● Work instruction
Word for word, give the data again without its pictures.

● Dataset section
....

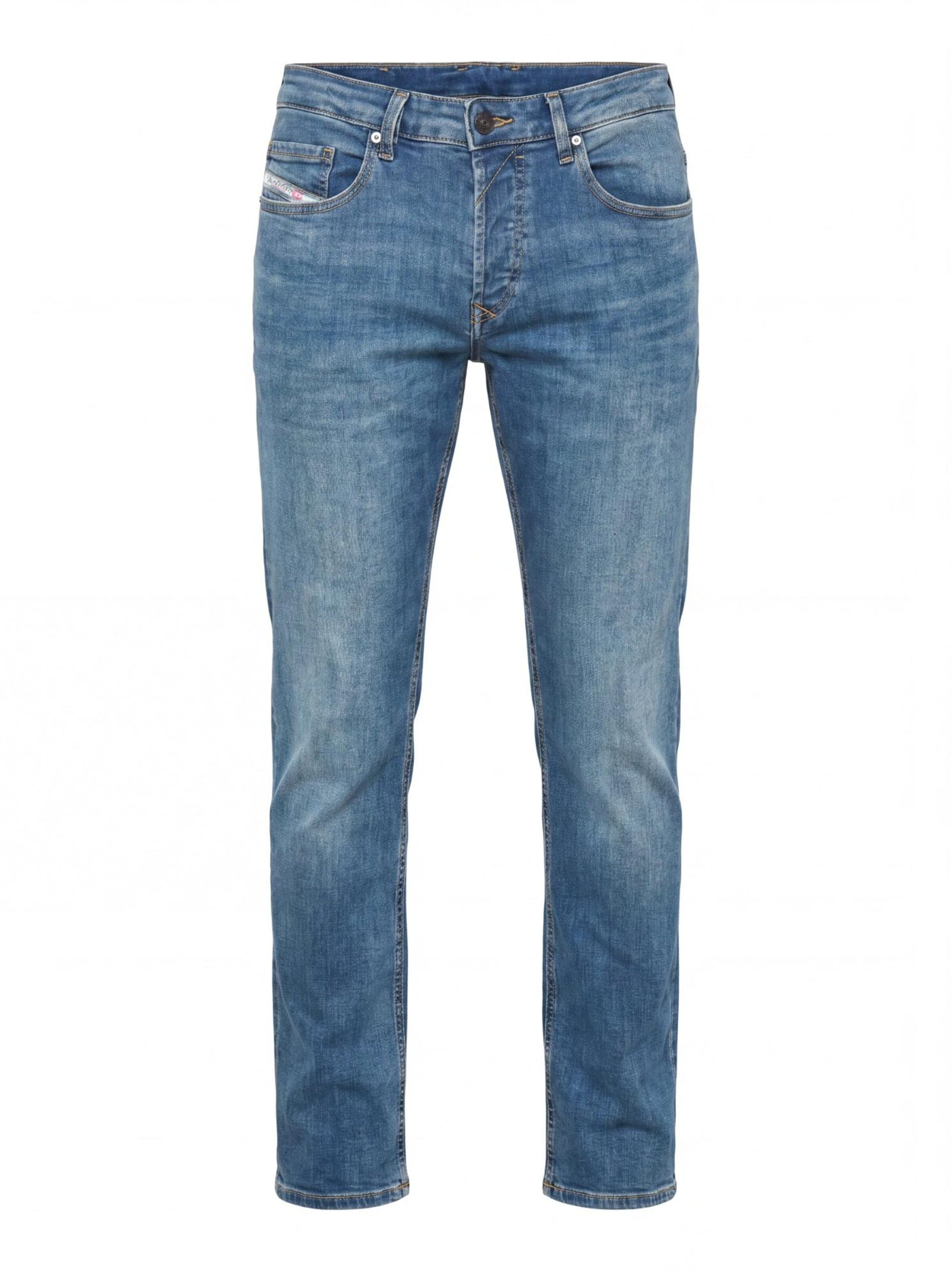 DIESEL Jeans 'Straight SAFADO-X'‌‌‌‌‌‌‌‌‌ in 30/32 in taubenblau, Produktansicht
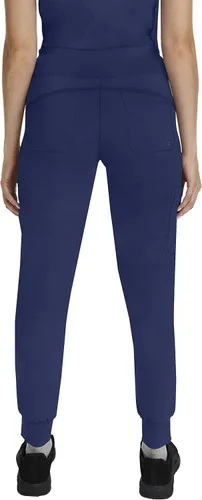 Miniatura 2 de Healing Hands Jogger Scrubs for Women Six Pocket Tara Scrub Pant 9233 Purple Label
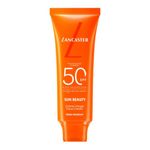 Lancaster Sun Beauty Face Cream SPF50 50ml, Photoaging Control, Broad Spectrum Sun Protection, High Protection With Full Light Technology, Water and Sweat Resistant, Clean Formula
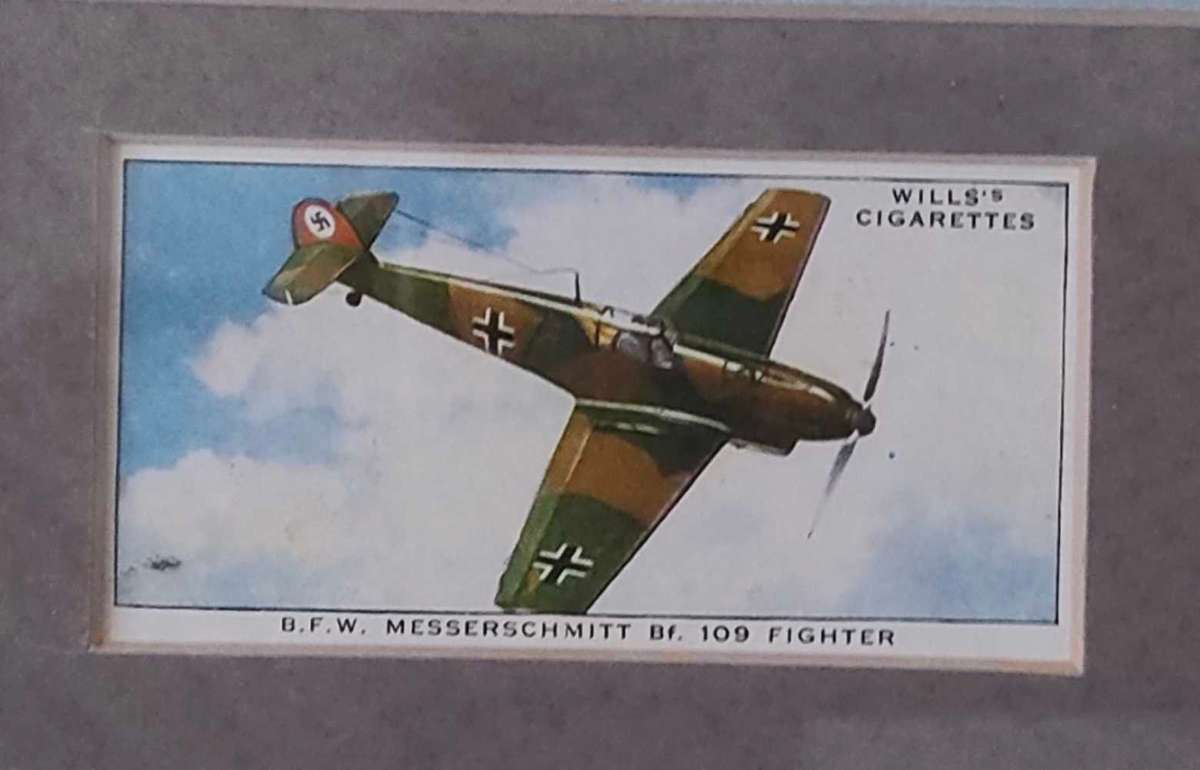 Messerschmidt Picture Framed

....

● Written solution
 DIESEL Jeans 'Straight SAFADO-X'‌‌‌‌‌‌‌‌‌ in 30/32 in taubenblau, Produktansicht
 Miniatura 2 de Healing Hands Jogger Scrubs for Women Six Pocket Tara Scrub Pant 9233 Purple Label
 Lancaster Sun Beauty Face Cream SPF50 50ml, Photoaging Control, Broad Spectrum Sun Protection, High Protection With Full Light Technology, Water and Sweat Resistant, Clean Formula
 Messerschmidt Picture Framed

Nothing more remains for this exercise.